Джеймс попробовал взбодриться. В последнее время он совершенно потерял способность к беседе.
— А как поживают овцы, Льюин?
Нельзя назвать это отличным вступлением, но хоть что-то.
— А что?
А что мне?
— Да так просто. Интересно.
— Ну, недавно я нашел одного на нижнем поле, на тропинке вдоль утеса. Он был здоров, просто с ним что-то случилось.
Голосом Льюин не выдал, насколько он был потрясен жестокостью увечий. Голова валяется в стороне, нет одной задней ноги. Какое-то животное поработало, собака, наверное. Нет, все это выглядело не так. Это был какой-то дикий зверь. Зверь, разбуженный его сном, проник в овчарню. Вспоминать сон, особенно его последнюю часть, с Джеймсом, было неприятно. Он отвернулся, стал смотреть на море. И прежде, когда здесь жил Шарпантье, у Льюина случались неприятности с овцами. Он так и не понял, что, собственно, произошло. Иногда ему казалось, что он припоминает, как сам занимался всем этим: в одном из снов он что-то держал в руке. Овечью ногу?

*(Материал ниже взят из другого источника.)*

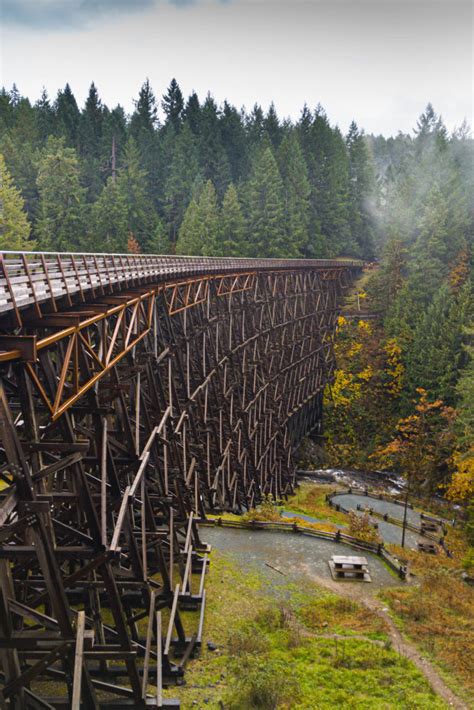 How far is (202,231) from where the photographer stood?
5191cm

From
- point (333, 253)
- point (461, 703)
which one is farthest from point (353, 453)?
point (461, 703)

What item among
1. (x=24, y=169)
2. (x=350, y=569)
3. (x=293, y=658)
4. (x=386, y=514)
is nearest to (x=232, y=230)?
(x=24, y=169)

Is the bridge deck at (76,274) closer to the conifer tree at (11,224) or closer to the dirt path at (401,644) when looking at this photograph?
the dirt path at (401,644)

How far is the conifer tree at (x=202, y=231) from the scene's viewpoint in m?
51.5

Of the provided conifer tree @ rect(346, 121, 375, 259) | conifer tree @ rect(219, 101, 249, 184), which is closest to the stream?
conifer tree @ rect(346, 121, 375, 259)

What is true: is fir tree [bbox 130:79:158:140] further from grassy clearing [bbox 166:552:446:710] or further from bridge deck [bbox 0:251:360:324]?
grassy clearing [bbox 166:552:446:710]

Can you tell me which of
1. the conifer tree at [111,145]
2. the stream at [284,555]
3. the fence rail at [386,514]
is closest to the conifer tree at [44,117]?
the conifer tree at [111,145]

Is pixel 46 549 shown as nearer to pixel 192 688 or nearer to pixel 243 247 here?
pixel 192 688

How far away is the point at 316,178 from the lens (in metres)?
66.8

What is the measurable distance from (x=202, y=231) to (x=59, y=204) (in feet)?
45.8

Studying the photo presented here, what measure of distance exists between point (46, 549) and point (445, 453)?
1346 inches

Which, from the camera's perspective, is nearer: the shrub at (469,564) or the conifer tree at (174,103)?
the shrub at (469,564)

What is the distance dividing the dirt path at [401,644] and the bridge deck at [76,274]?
11.8 m

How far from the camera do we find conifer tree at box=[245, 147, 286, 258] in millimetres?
52688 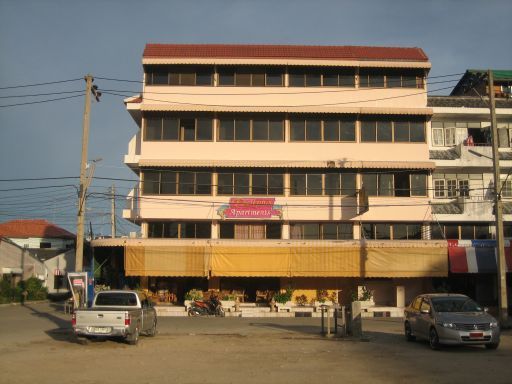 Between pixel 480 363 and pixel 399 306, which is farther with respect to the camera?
pixel 399 306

— Ну, так бывает. Это могла сделать собака. Ты не представляешь, как гнусно они иногда себя ведут. Но вообще-то все в порядке. Ты, наверное, обратил внимание, они слишком высоко не поднимаются. Держатся друг за друга.

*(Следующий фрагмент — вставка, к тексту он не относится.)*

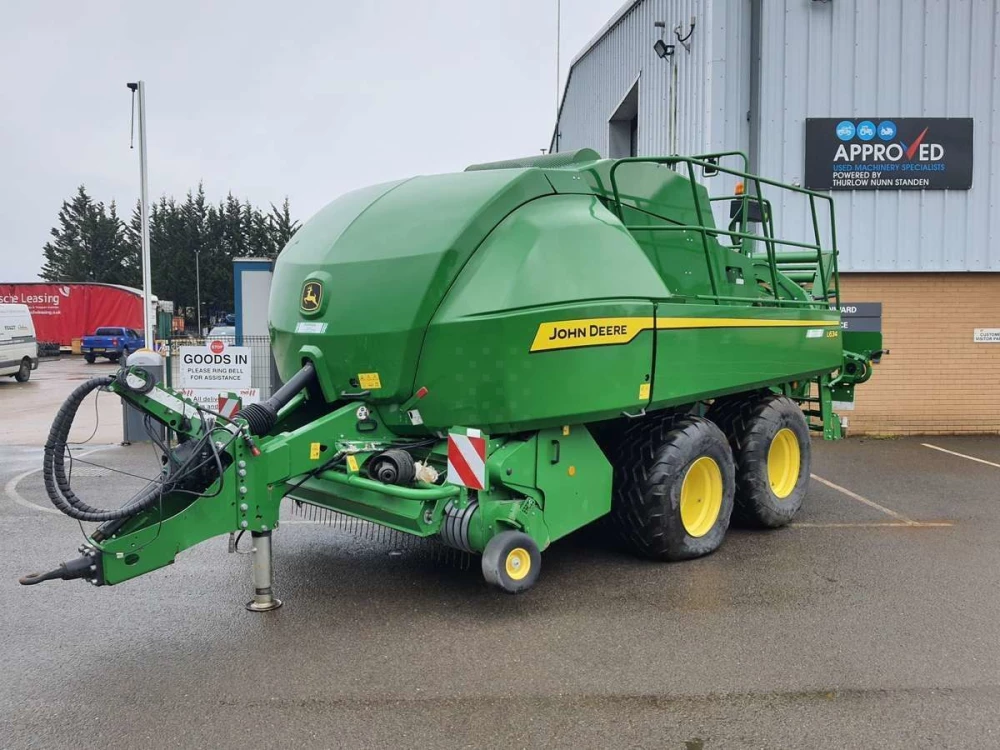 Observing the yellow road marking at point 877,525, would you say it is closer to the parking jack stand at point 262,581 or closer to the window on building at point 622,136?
the parking jack stand at point 262,581

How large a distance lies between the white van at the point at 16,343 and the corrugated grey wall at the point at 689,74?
55.2 ft

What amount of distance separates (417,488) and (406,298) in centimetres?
109

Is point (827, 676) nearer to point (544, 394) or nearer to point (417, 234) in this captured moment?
point (544, 394)

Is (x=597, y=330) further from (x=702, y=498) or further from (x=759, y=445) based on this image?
(x=759, y=445)

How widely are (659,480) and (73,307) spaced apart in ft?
130

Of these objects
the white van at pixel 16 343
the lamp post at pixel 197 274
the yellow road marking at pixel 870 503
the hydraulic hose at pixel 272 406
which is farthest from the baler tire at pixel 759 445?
the lamp post at pixel 197 274

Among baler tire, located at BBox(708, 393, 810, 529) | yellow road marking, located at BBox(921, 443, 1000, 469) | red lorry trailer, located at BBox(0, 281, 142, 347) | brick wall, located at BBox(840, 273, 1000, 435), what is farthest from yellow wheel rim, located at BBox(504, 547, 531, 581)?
red lorry trailer, located at BBox(0, 281, 142, 347)

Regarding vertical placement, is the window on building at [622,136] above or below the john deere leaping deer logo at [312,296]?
above

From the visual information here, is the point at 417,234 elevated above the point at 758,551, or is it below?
above

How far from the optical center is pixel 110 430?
13.8 meters

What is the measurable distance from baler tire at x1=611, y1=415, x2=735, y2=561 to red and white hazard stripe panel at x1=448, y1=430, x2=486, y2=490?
1.38 meters

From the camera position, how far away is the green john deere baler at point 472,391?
15.1ft

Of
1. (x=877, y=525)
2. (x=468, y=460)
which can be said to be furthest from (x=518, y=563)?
(x=877, y=525)

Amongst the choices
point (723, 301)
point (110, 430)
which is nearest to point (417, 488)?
point (723, 301) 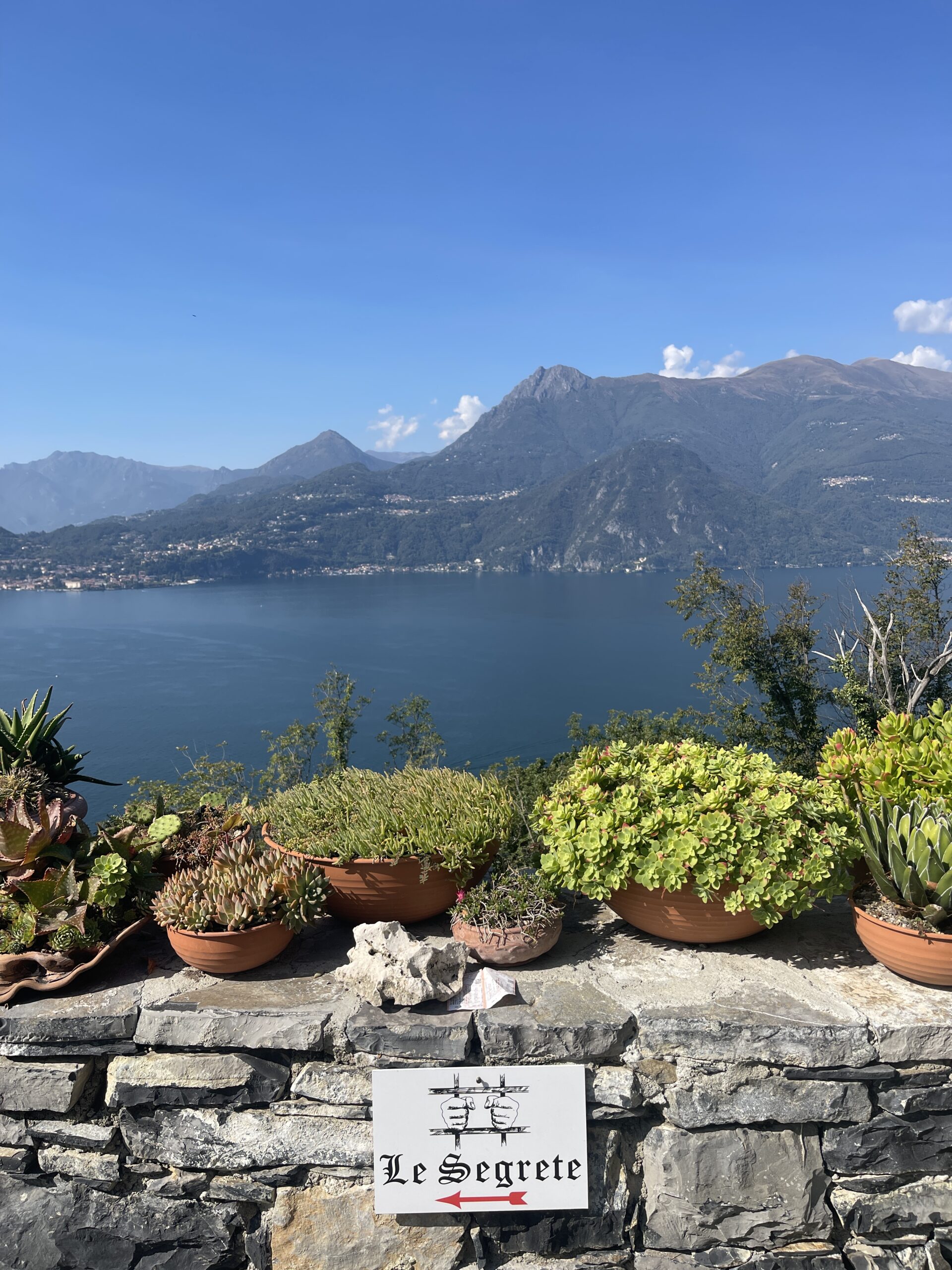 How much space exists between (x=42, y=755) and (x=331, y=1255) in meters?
2.65

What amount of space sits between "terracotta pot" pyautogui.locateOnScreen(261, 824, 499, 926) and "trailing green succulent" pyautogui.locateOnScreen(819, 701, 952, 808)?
1.61 metres

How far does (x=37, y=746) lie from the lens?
387 centimetres

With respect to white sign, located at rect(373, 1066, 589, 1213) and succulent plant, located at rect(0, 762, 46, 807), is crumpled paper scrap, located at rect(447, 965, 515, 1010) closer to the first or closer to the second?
white sign, located at rect(373, 1066, 589, 1213)

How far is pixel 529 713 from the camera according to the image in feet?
172

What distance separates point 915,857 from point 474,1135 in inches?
72.6

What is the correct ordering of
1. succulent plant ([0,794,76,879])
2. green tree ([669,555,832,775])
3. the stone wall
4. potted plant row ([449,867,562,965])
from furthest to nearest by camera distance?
1. green tree ([669,555,832,775])
2. succulent plant ([0,794,76,879])
3. potted plant row ([449,867,562,965])
4. the stone wall

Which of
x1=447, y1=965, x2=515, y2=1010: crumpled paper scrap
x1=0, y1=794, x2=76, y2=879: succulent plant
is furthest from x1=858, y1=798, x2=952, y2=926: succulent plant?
x1=0, y1=794, x2=76, y2=879: succulent plant

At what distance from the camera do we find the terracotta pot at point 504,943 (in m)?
2.88

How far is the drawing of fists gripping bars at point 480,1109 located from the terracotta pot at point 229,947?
2.75ft

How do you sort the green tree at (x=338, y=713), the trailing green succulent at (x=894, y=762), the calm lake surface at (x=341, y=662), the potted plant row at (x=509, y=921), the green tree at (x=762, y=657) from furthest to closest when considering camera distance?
1. the calm lake surface at (x=341, y=662)
2. the green tree at (x=338, y=713)
3. the green tree at (x=762, y=657)
4. the trailing green succulent at (x=894, y=762)
5. the potted plant row at (x=509, y=921)

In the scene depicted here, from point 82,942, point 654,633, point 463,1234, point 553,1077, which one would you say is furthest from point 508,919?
point 654,633

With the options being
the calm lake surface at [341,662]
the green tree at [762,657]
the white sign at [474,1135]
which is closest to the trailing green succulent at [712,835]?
the white sign at [474,1135]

Не заключался ли в этом упрек в неуместном любопытстве? Джеймс поискал ответа, но не нашел. Льюин встал.
— Мне надо в туалет на минутку, — сказал он.
* * *
На лестнице сидел Сэм и писал что-то в задачнике. Увидев Льюина, мальчик закрыл книгу.
— Здравствуй, поросеночек, — сказал Льюин. Сэм вежливо улыбнулся. — Что пишешь?
— Да так просто. Рассказ, — скромно ответил Сэм.
— Понятно.
Рядом лежал словарь, открытый на странице от «штиль» до «шут».
— Что за слово?
— Штык. Лезвие, прикрепляемое к дулу винтовки. Что такое винтовка?
— Винтовка? Это такое ружье. Большое, длинное. Знаешь, что такое ружье?
— Чтобы убивать людей.
— Точно.
Льюина покоробило, как холодно сказал это Сэм. Он считал, что дети не понимают, что такое насилие. Возможно, они думают, что это как в мультфильмах, когда никому на самом деле не больно, а если койота переезжает каток, то потом койот непременно вскакивает и бежит.
— Надеюсь, в твоем рассказе никого не убьют, — сказал он.
Сэм улыбнулся:
— Нет. Я только хотел узнать, что значит это слово. В словаре можно найти любое слово. Там есть все слова. Я уже много их знаю. Хотя пока не все.
Но словарь не объяснит тебе, что это такое: держать в руке оружие, не даст тебе почувствовать его запах. Словарь не в силах описать страх и нездоровое возбуждение, которые овладевают тобой, когда держишь в руках винтовку, описать ее тяжесть, запах ее патронов. А штык... нет такого определения, которое может выразить чувство, какое испытываешь, когда прикрепляешь его к дулу. Поворот и щелчок — и ужас, стоит только представить себя в такой отчаянной ситуации, когда придется втыкать его в кого-то, в живого теплого человека, чтобы он кричал, извивался, чтобы текла кровь. Ружье равнодушно, мишень — далекий силуэт без лица. Но чтобы применить штык, нужно преследовать врага, видеть его лицо, чувствовать запах его дыхания. Смотреть, как он падает. Штык — вещь интимная, телесная, личная.
— Штык — отвратительная штука. Просто ужасная.
— Ты его видел?
— Конечно. Когда служил в армии. Очень давно.
— Ты убивал людей?
— Конечно, нет!
Льюин сразу же вышел из себя и смог взять себя в руки, лишь вспомнив, что разговаривает с семилетним ребенком.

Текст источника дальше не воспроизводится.